[[ Records shown open ]]

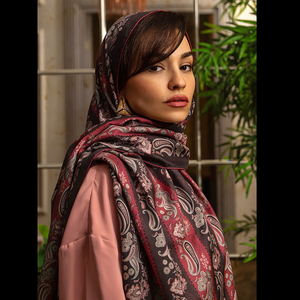 Vertical Paisley Stripe & Ethnic Floral Ornament Natural Breathable Cotton Silk Blend Shawl Hand Rolled Edge Lightweight Summer - Product Image 2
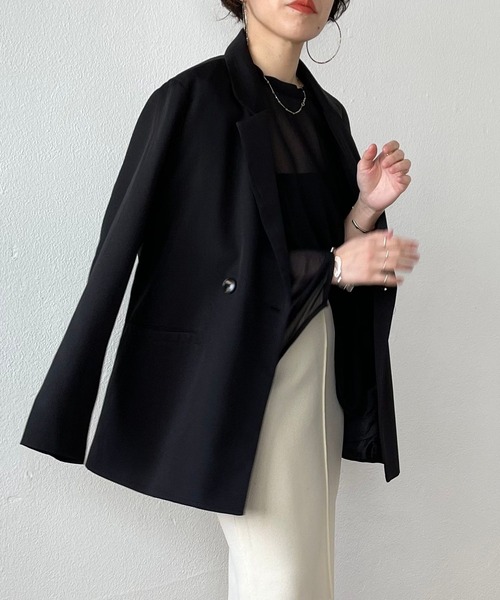 wee9s（ウィークス）の「middle tailored jacket / ミドル丈テーラードジャケット（テーラードジャケット・レディース・ブラック/グリーン/アイボリー・FREE）」の12枚目の写真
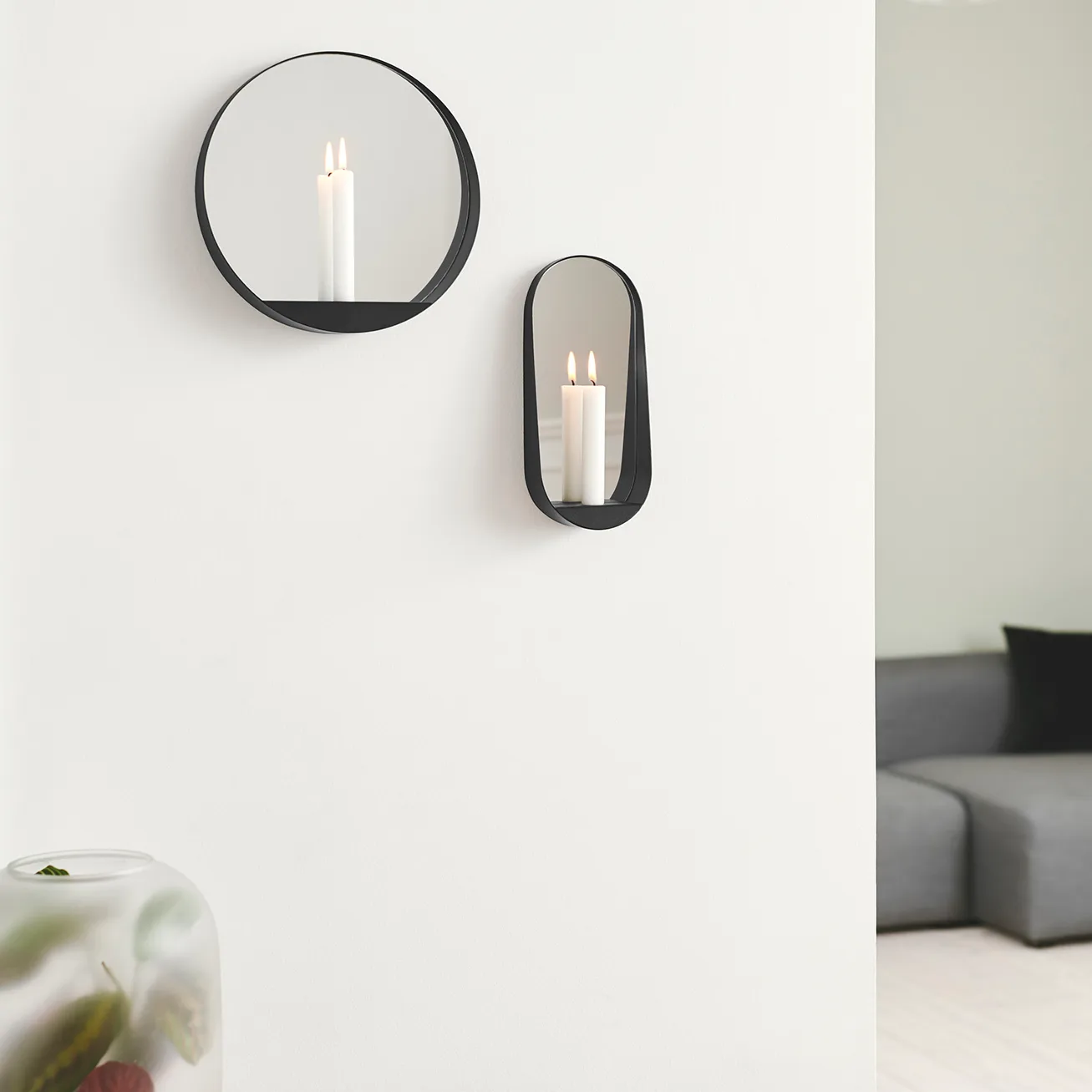 Glim 镜子/烛台 椭圆形 12x28 cm, 黑色 Gejst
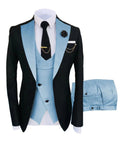 Men's Suit for Wedding 3 Pieces Blazer Vest and Pants Set Fitted Tuxedo for Groomsmen Adult Costume Summer Beach Wedding Parties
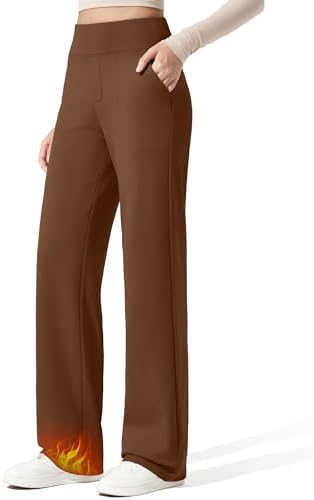 G4Free EverGoing Fleece Lined Wide Leg Pants for Women Dressy Work Casual
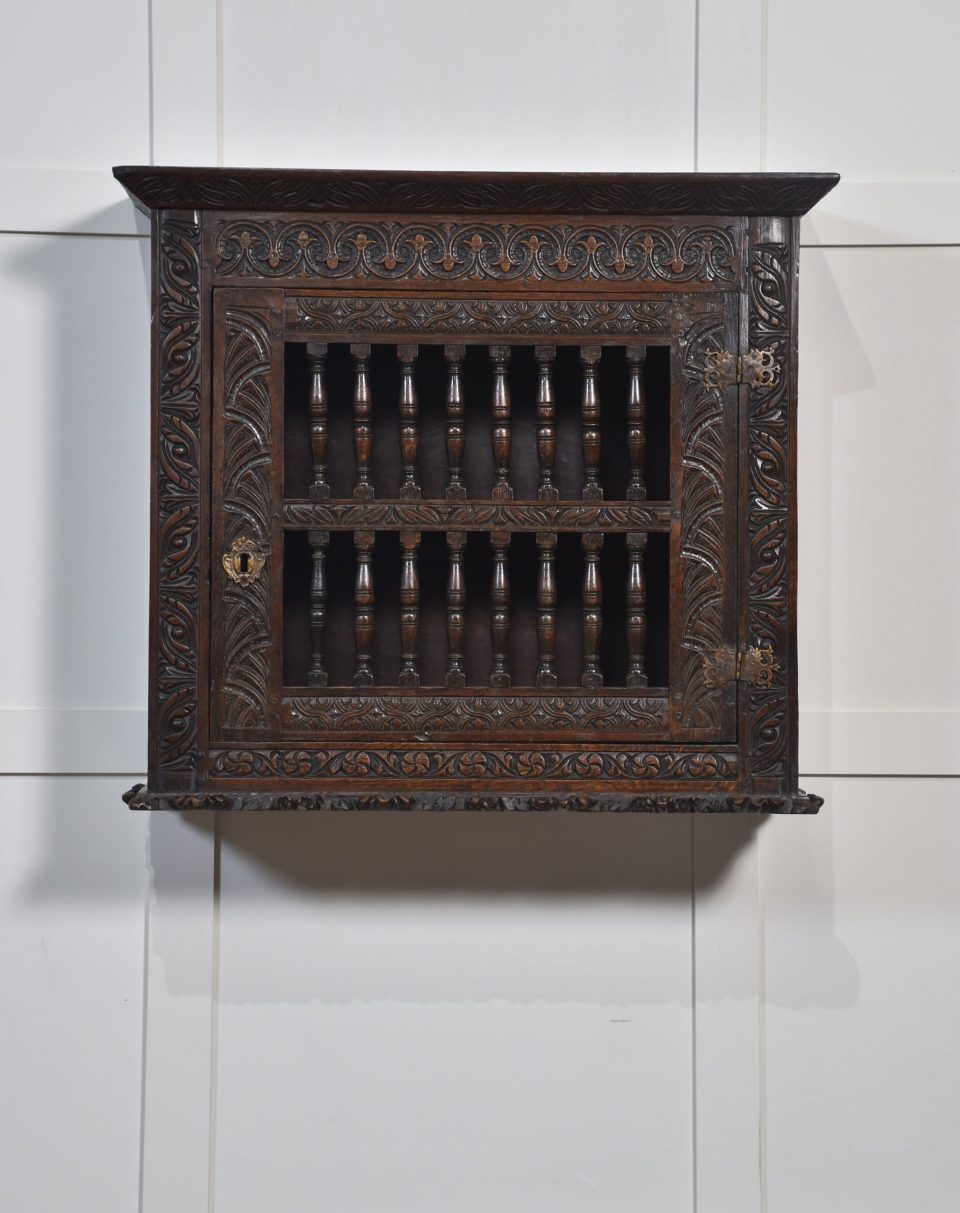 Charles II oak mural livery cupboard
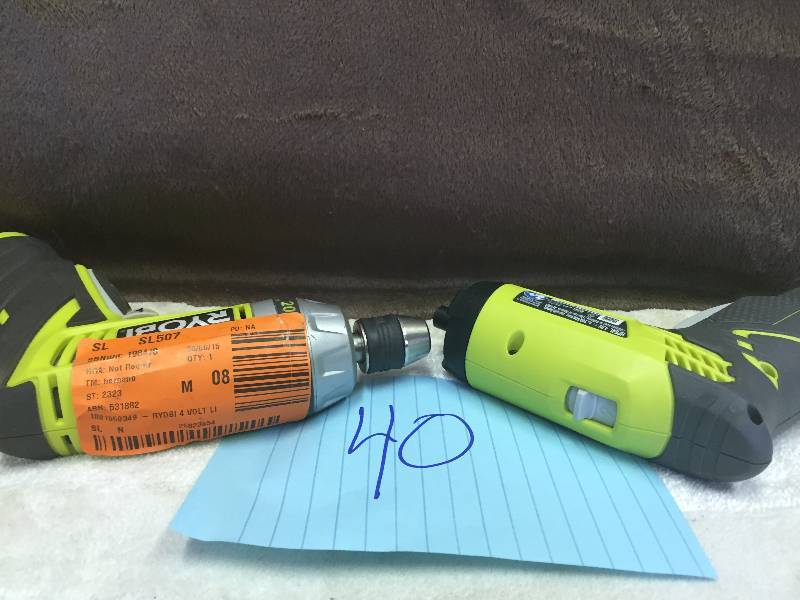 Lot of Ryobi Tools, missing batteries and battery cover on one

[[ Records shown closed ]]

- What you are asked to do
Quote the preceding records in their entirety, excluding every picture.

- Task solution
 Vertical Paisley Stripe & Ethnic Floral Ornament Natural Breathable Cotton Silk Blend Shawl Hand Rolled Edge Lightweight Summer - Product Image 2
 wee9s（ウィークス）の「middle tailored jacket / ミドル丈テーラードジャケット（テーラードジャケット・レディース・ブラック/グリーン/アイボリー・FREE）」の12枚目の写真
 Glim 镜子/烛台 椭圆形 12x28 cm, 黑色 Gejst
 Men's Suit for Wedding 3 Pieces Blazer Vest and Pants Set Fitted Tuxedo for Groomsmen Adult Costume Summer Beach Wedding Parties
 G4Free EverGoing Fleece Lined Wide Leg Pants for Women Dressy Work Casual
 Charles II oak mural livery cupboard
 Lot of Ryobi Tools, missing batteries and battery cover on one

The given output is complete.